» What to produce: Find the "No.005Υͥ / ֥󥹥ϥ󥿡 եƥGפо줹ȲɱɤξҲࡼӡˡ֥ϥ󥿡ʥӡפˤϿɸɲ" line in the records below and repeat it and every later line exactly, up to the last; do not include pictures.

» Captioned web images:
:::::
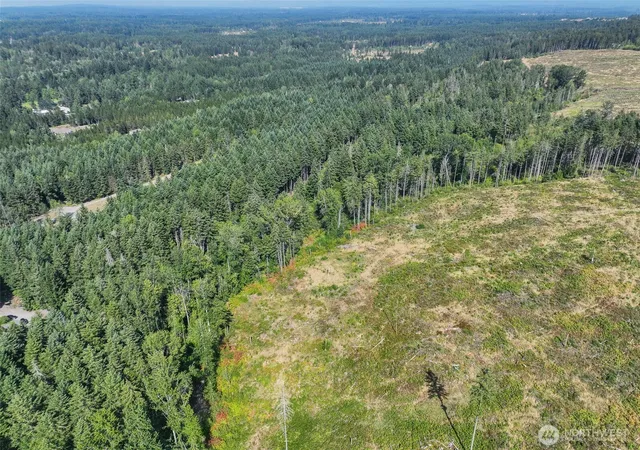 Photo 4 of Land for sale at 0 369th Street E, Roy, WA 98580 | MLS# NWM2581753 | Listing updated on 2026-09-16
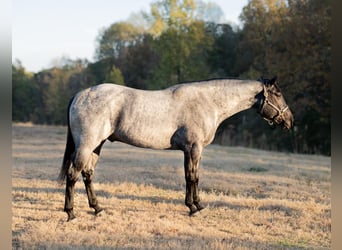 Quarterhäst, Valack, 4 år, 163 cm, Konstantskimmel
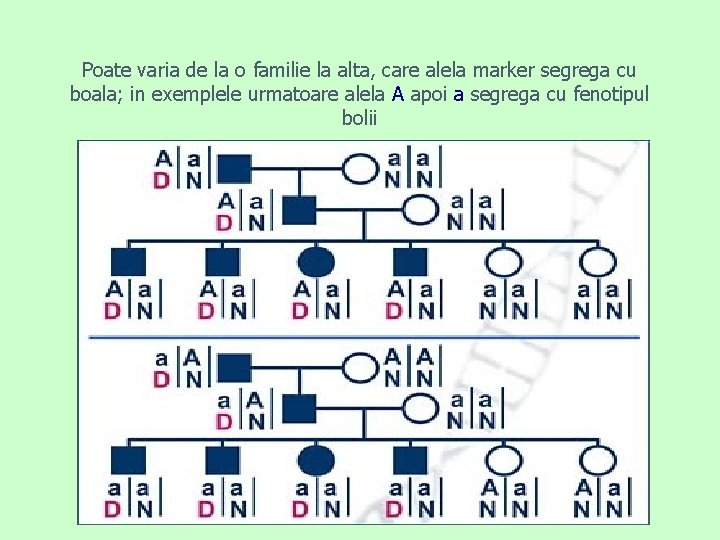 Poate varia de la o familie la alta, care alela marker segrega cu boala;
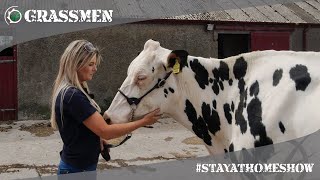 GRASSMEN StayAtHomeShow  Livestock with Kirstie  Ards Holsteins [upl. by Gilbertine]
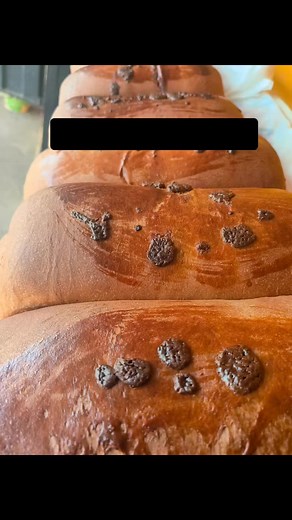 Komplete Kitchen and Bakery on TikTok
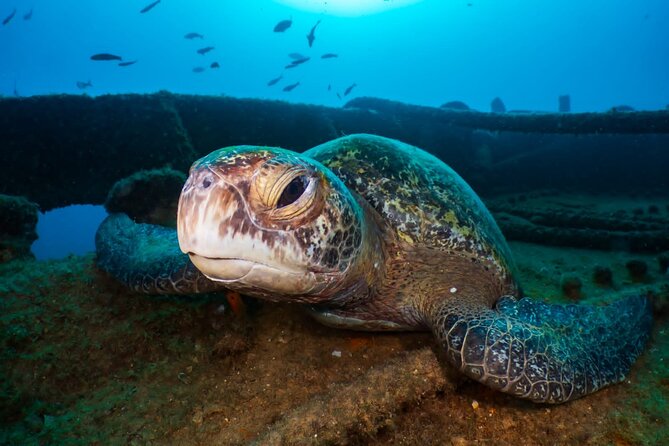Introductory Diving Class in the Cozumel Reefs - Capturing Memories: Photography and Video Options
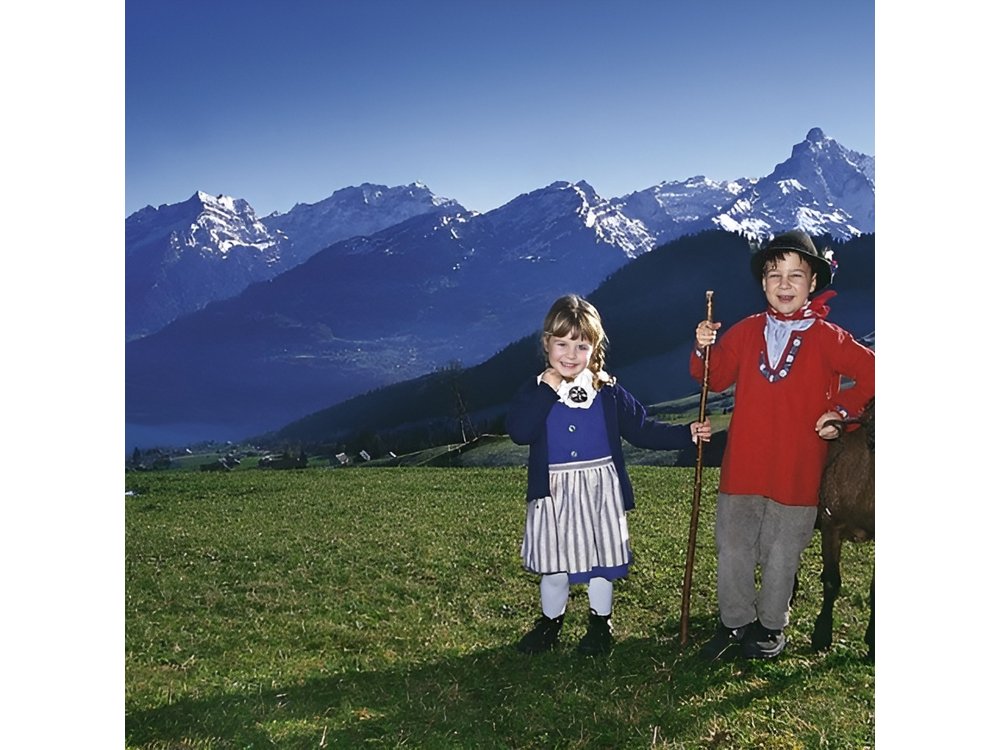 Heidiland and Liechtenstein Tour from Zurich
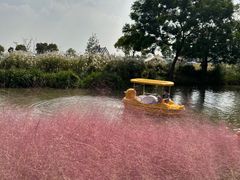 -嘉北郊野公园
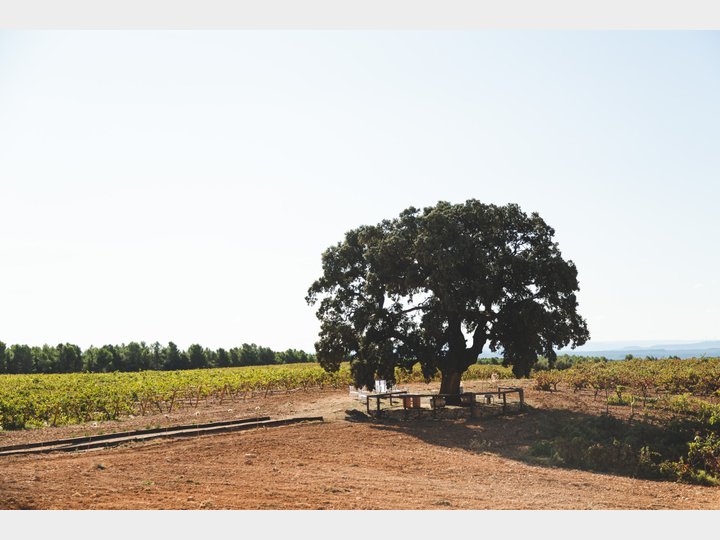 Bodegas Nodus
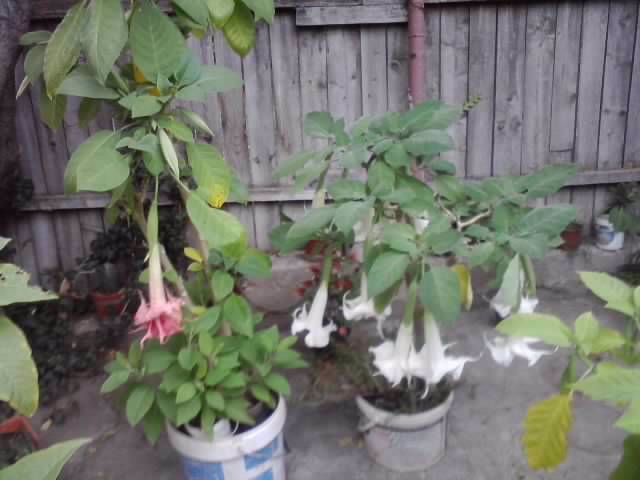 P290912_21.27_[03]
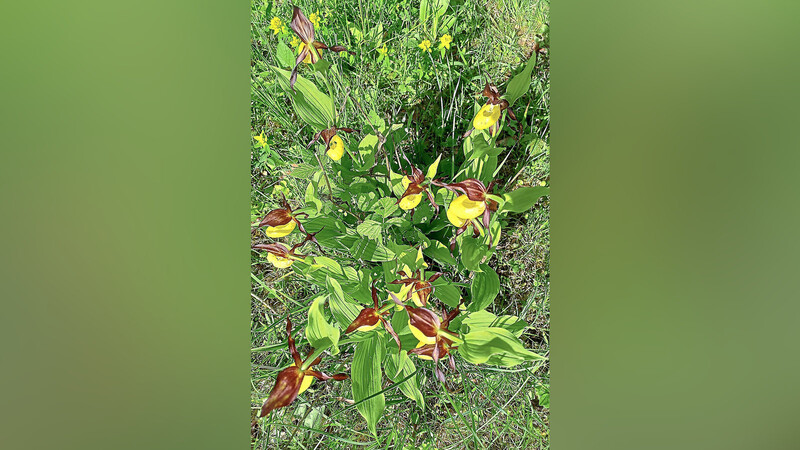 Im großen FFH-Gebiet "Isarauen von Unterföhring bis Landshut" wächst eine seltene und zugleich gefährdete Orchidee, nämlich der Frauenschuh.  Foto: Tobias Schropp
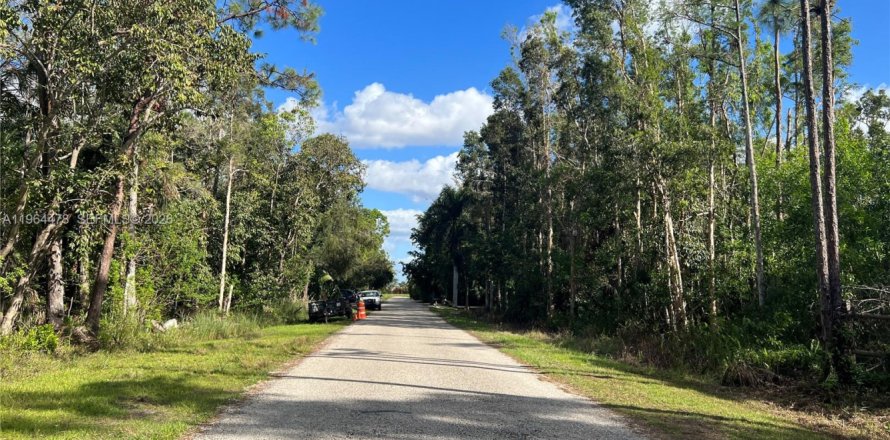 Terreno en Naples, Florida № 2081119
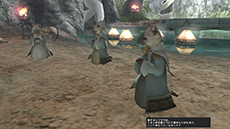 ꡼ No.005Υͥ / ֥󥹥ϥ󥿡 եƥGפо줹ȲɱɤξҲࡼӡˡ֥ϥ󥿡ʥӡפˤϿɸɲ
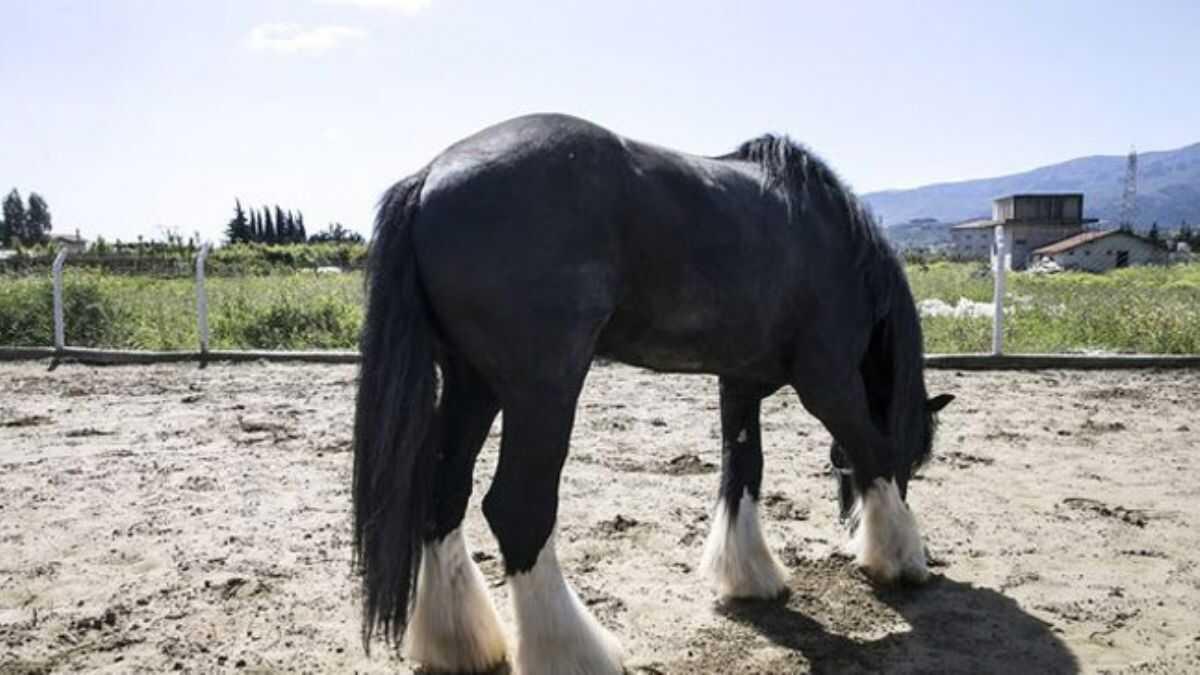 Bin 200 kilogramlk at grenleri artyor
:::::
» Answer to the exercise:
 ꡼ No.005Υͥ / ֥󥹥ϥ󥿡 եƥGפо줹ȲɱɤξҲࡼӡˡ֥ϥ󥿡ʥӡפˤϿɸɲ
 Bin 200 kilogramlk at grenleri artyor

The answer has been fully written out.